The words that came out of his mouth stung, she said.

"'God, you're 30 years old and I really expected you to be somewhere right now,'" he told her disappointedly, she recalled.

Her mother jumped in with a solution: Marry a doctor and she'd be set.

Family and friends question what she's been doing with her time and blanket her with advice like this all the time.

"Every day it's a challenge and I'm trying to figure out what to do. I'm looking for work here or abroad or out of state," she said. "I appreciate all the help, but I'm out there working. It's not like I'm not working."

A year-and-a-half after being laid off, Beasla submitted her story to iReport. It was right after her unemployment benefits ran out in summer 2010, but she said she was still smiling.

"I've just found that if I stay positive, I know that eventually I'll be back on my feet again and I won't have to worry about the next unemployment check, where the money is coming from, or what I'll have to cut back on," she told CNN last year.

Now, sadness and frustration have sunken in. She's not quite so optimistic anymore.

"I'm still fortunate to have a roof over my head and make do with what I can, but I miss having a decent job and being on track with my life," she said.

"No one really understands you when you're poor and can't get by. Most of my friends say, 'I don't know what I would do if I was you.' This isn't very comforting.

"Even my own parents are ashamed of what has happened to me."

A 'black hole' of job applications

Beasla sends out 30 to 50 resumes each day via networking site LinkedIn but wonders if they get sucked into a "black hole."
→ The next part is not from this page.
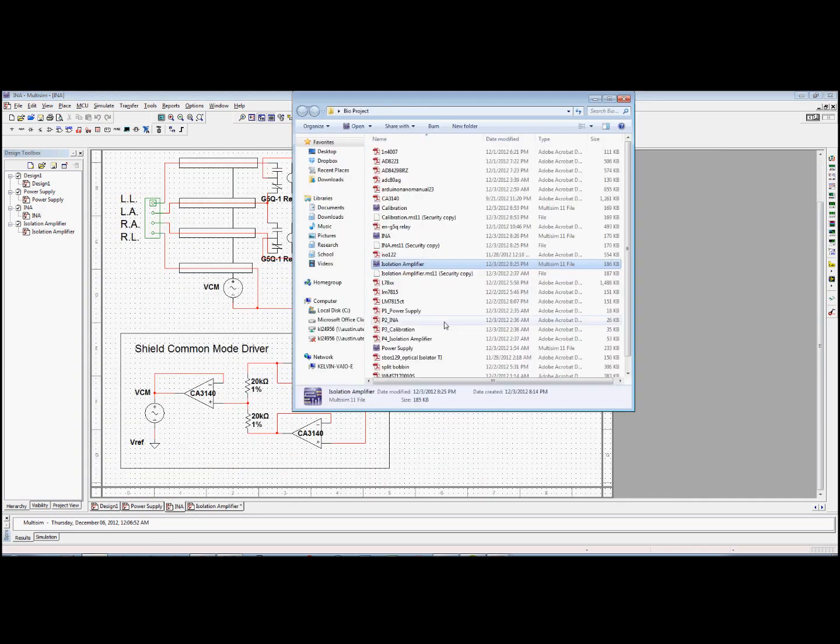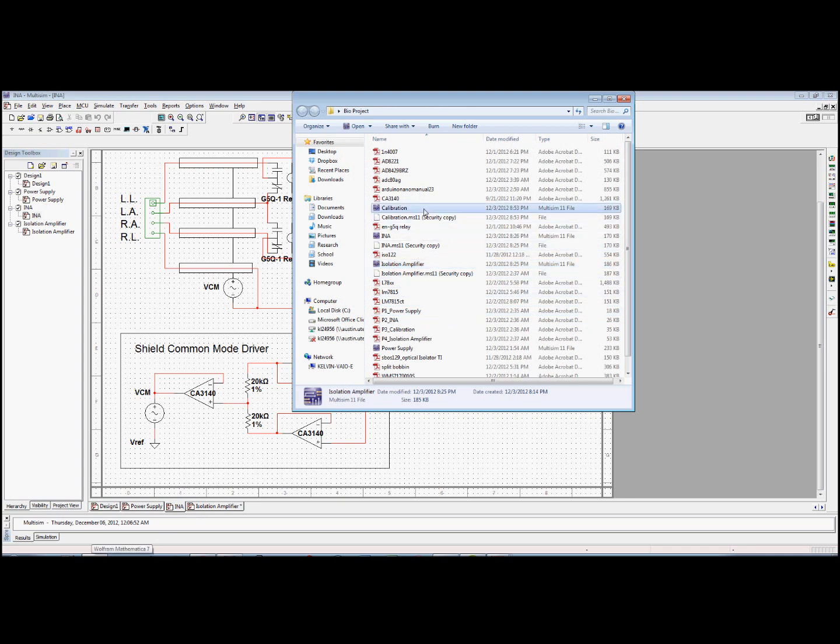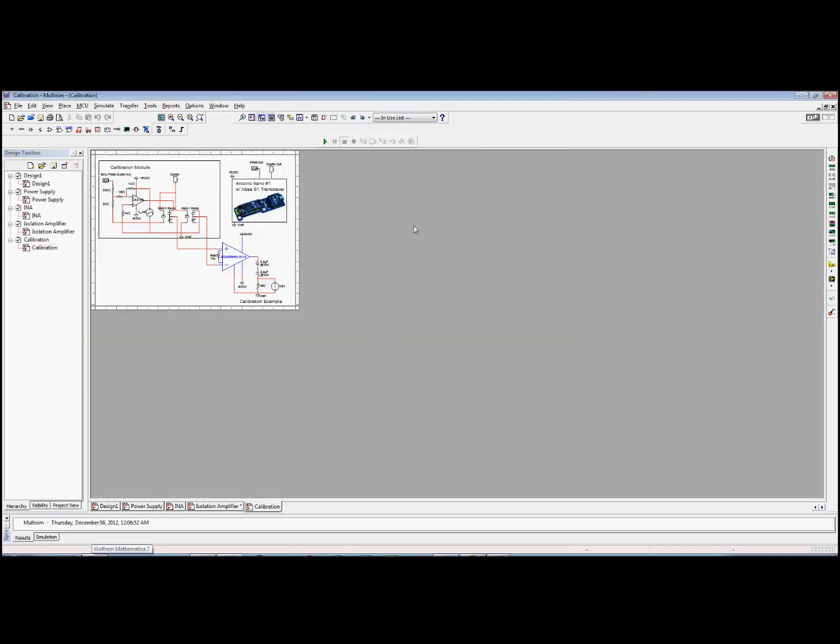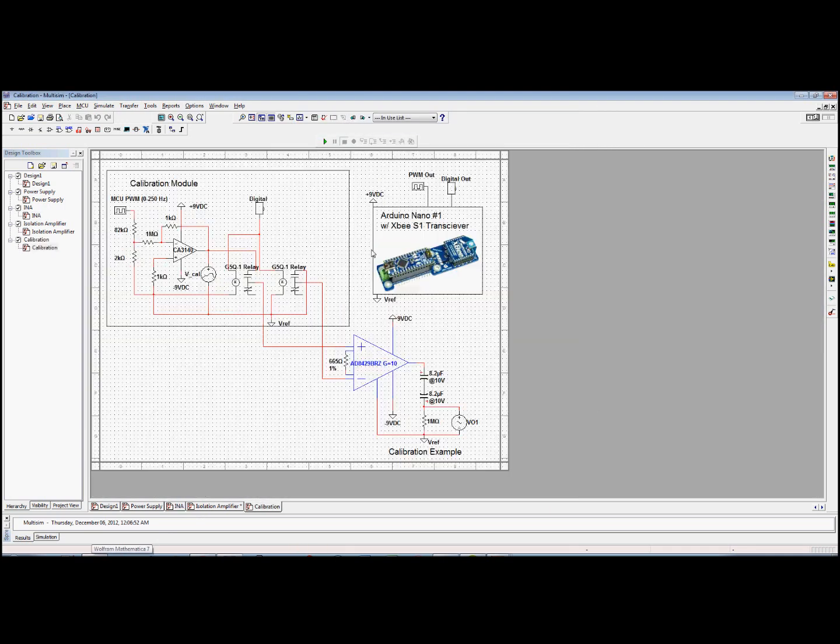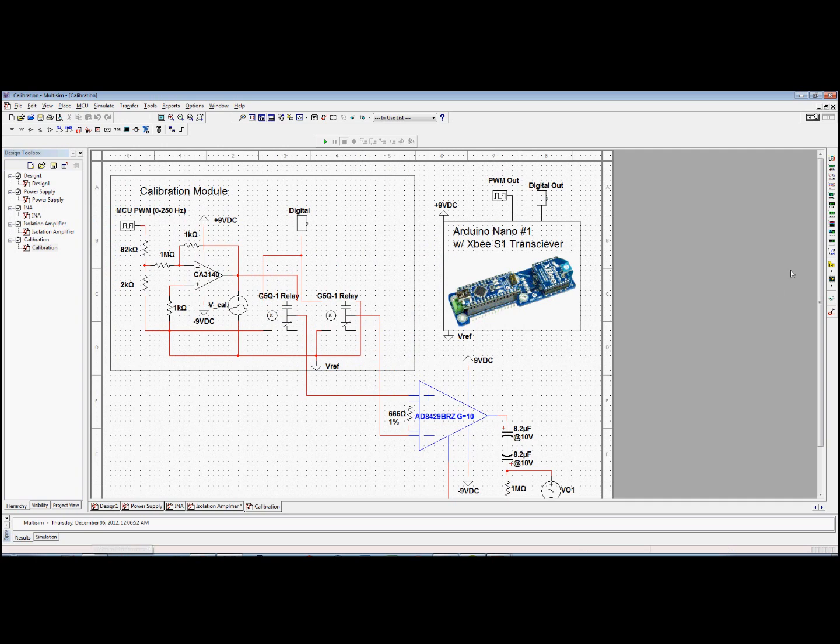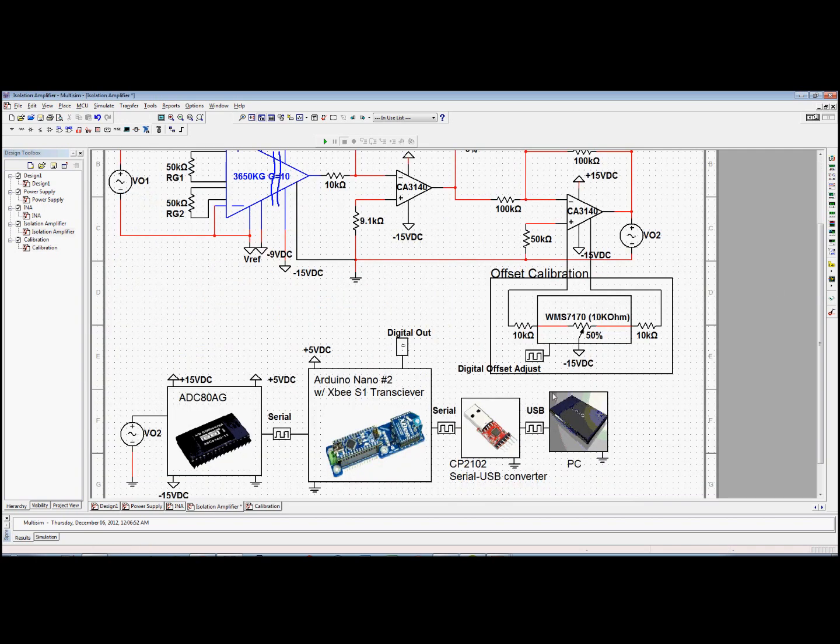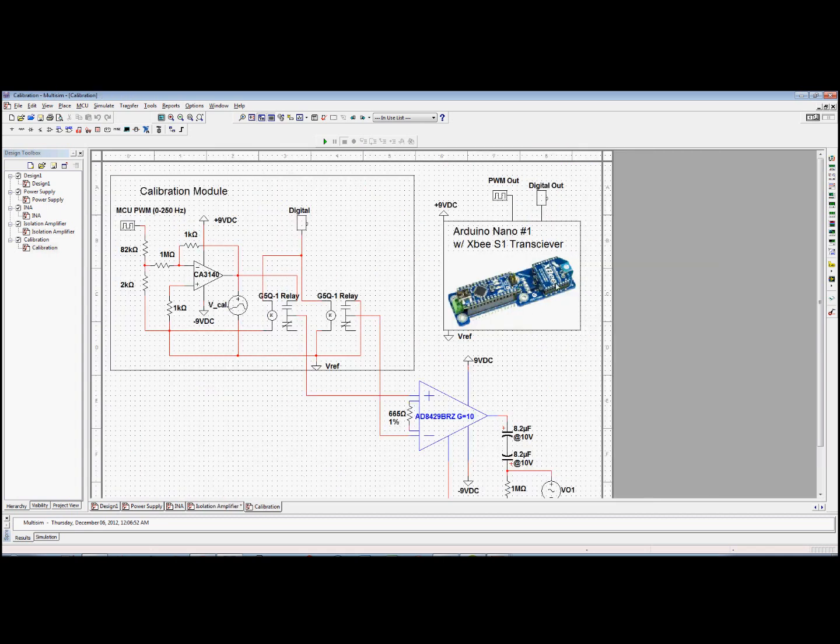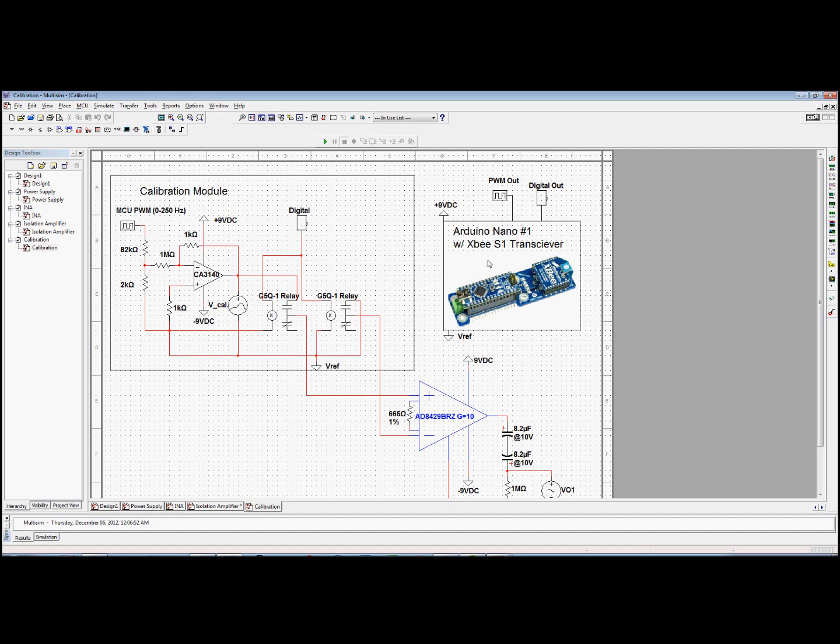When my Arduino here detects the signal level and whatnot, and I'm trying to adjust it. Then they'll send out a signal here. Hey, say hey to this Arduino, the first Arduino actually. This Arduino will send out a calibration signal. It will generate a signal here.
She's targeting marketing and social media work, but has also applied for jobs in the automotive and manufacturing industries, where she held previous positions.

She has also tried the retail and reception desk routes, but she's been shot down for these minimum-wage jobs because she's overqualified.

Every day it's a challenge...I'm out there working. It's not like I'm not working.
--Shukhaj Beasla, 30, unemployed

"I've been to Starbucks, Nordstrom or places in the mall like Yankee Candle, and they'll look at my resume. 'You've done all these different things. Why would you want to work here? Will you actually want to stay here?'" they ask.

Some employers then say that they are looking for high school or recent college grads, people who they can train who will likely stick around longer, she said. But for Beasla, all she really needs is a job.

"Nothing is beneath me," she said. "I'm doing what I need to do to survive."

Beasla wishes there was an outlet for people struggling to get back to a steady income. A catalog of local businesses that helps people get back on their feet and a forum where people can encourage each other to keep trying would be nice, she said.

After Beasla posted an update on her unchanged employment situation on iReport, she found some solace knowing that she's really not as alone as she feels.

"I was looking at all of these comments and there are all these people who are worse than I am or in the same position and they weren't always like this," she said. "We need something. We need answers."